Verify Router addresses

When you implement the ccipReceive method in the contract residing on the destination chain, validate that the msg.sender is the correct Router address. This verification ensures that only the Router contract can call the ccipReceive function on the receiver contract and is for developers that want to restrict which accounts are allowed to call ccipReceive.

Setting gasLimit

The gasLimit specifies the maximum amount of gas CCIP can consume to execute ccipReceive() on the contract located on the destination blockchain. It is the main factor in determining the fee to send a message. Unspent gas is not refunded.

Using extraArgs

The purpose of extraArgs is to allow compatibility with future CCIP upgrades. To get this benefit, make sure that extraArgs is mutable in production deployments. This allows you to build it off-chain and pass it in a call to a function or store it in a variable that you can update on-demand.

If extraArgs are left empty, a default of 200000 gasLimit will be set.

To make extraArgs mutable, set them as described previously in the enableChain function. To calculate which bytes value to pass, you can create a helper script like this:

// EncodeExtraArgs.s.sol

// SPDX-License-Identifier: MIT
pragma solidity ^0.8.19;

import {Client} from "@chainlink/contracts-ccip/src/v0.8/ccip/libraries/Client.sol";

contract EncodeExtraArgs {
    // Below is a simplistic example (same params for all messages) of using storage to allow for new options without
    // upgrading the dapp.
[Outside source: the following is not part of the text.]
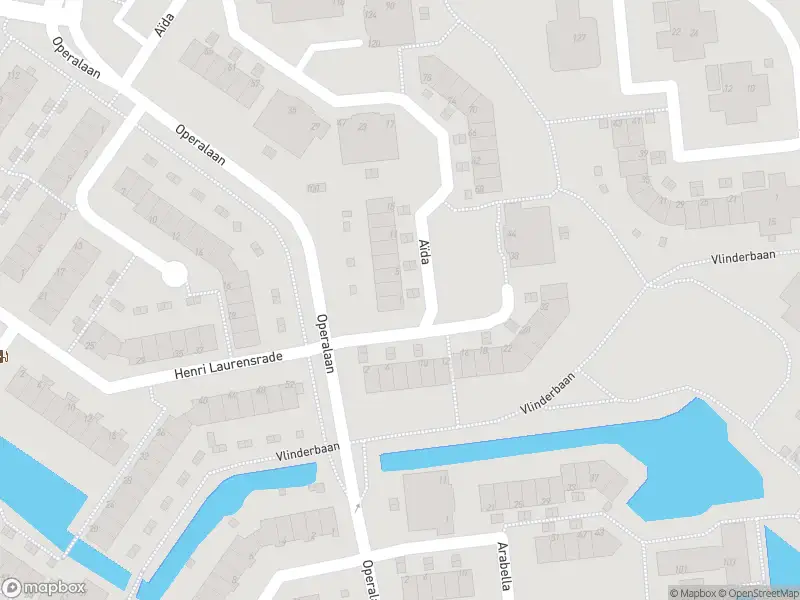 Ambulance met grote spoed naar de Aïda in Capelle aan den IJssel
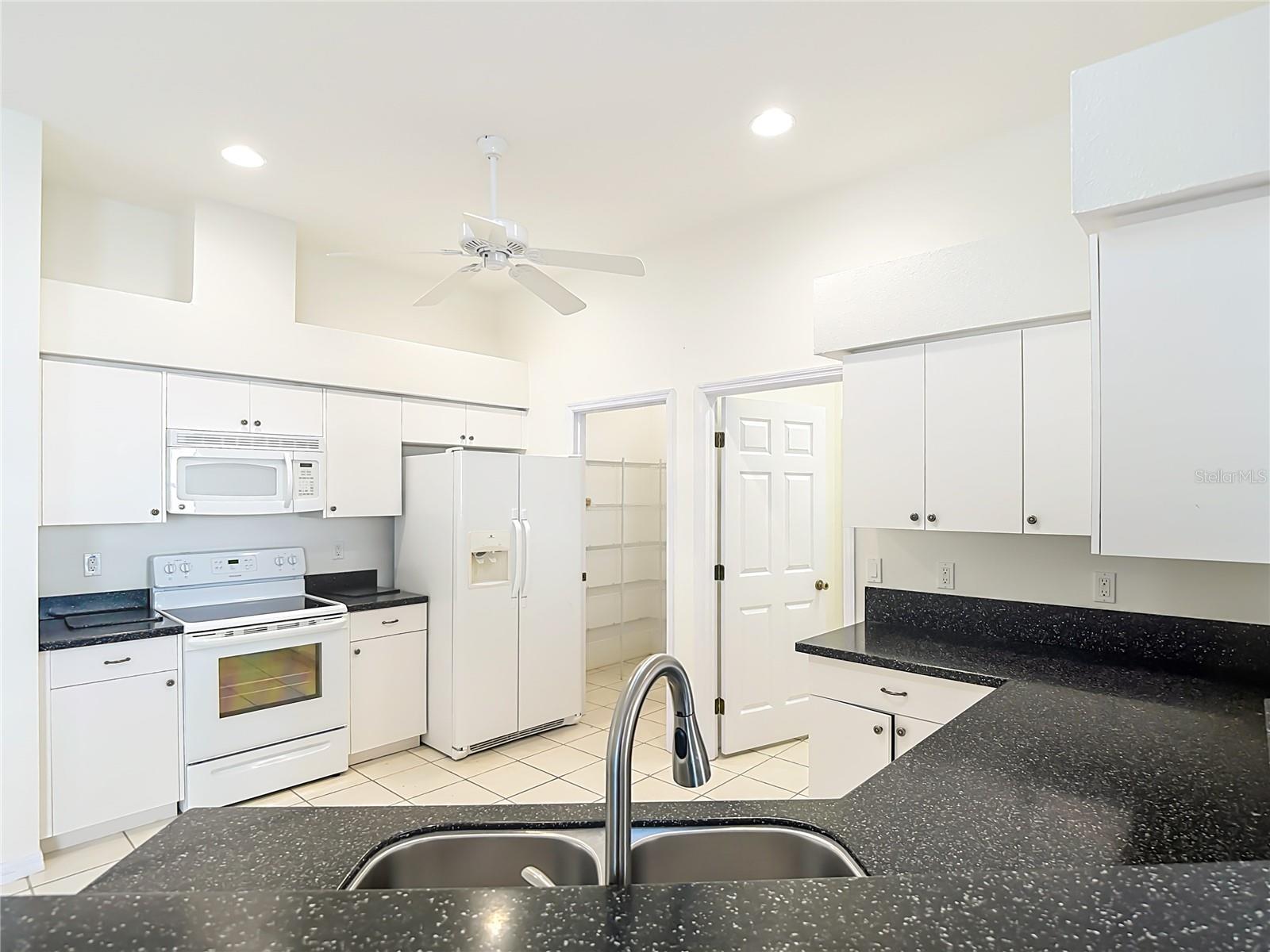 Image 9 of 40 For 12200 Putter Green Court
Note that extra args are chain family specific (e.g. gasLimit is EVM specific etc.).
    // and will always be backwards compatible i.e. upgrades are opt-in.
    // Offchain we can compute the V1 extraArgs:
    //    Client.EVMExtraArgsV1 memory extraArgs = Client.EVMExtraArgsV1({gasLimit: 300_000});
    //    bytes memory encodedV1ExtraArgs = Client._argsToBytes(extraArgs);
    // Then later compute V2 extraArgs, for example if a refund feature was added:
    //    Client.EVMExtraArgsV2 memory extraArgs = Client.EVMExtraArgsV2({gasLimit: 300_000, destRefundAddress: 0x1234});
    //    bytes memory encodedV2ExtraArgs = Client._argsToBytes(extraArgs);
    // and update storage with the new args.
    // If different options are required for different messages, for example different gas limits,
    // one can simply key based on (chainSelector, messageType) instead of only chainSelector.

    function encode(
        uint256 gasLimit
    ) external pure returns (bytes memory extraArgsBytes) {
        Client.EVMExtraArgsV1 memory extraArgs = Client.EVMExtraArgsV1({
            gasLimit: gasLimit
        });
        extraArgsBytes = Client._argsToBytes(extraArgs);
    }
}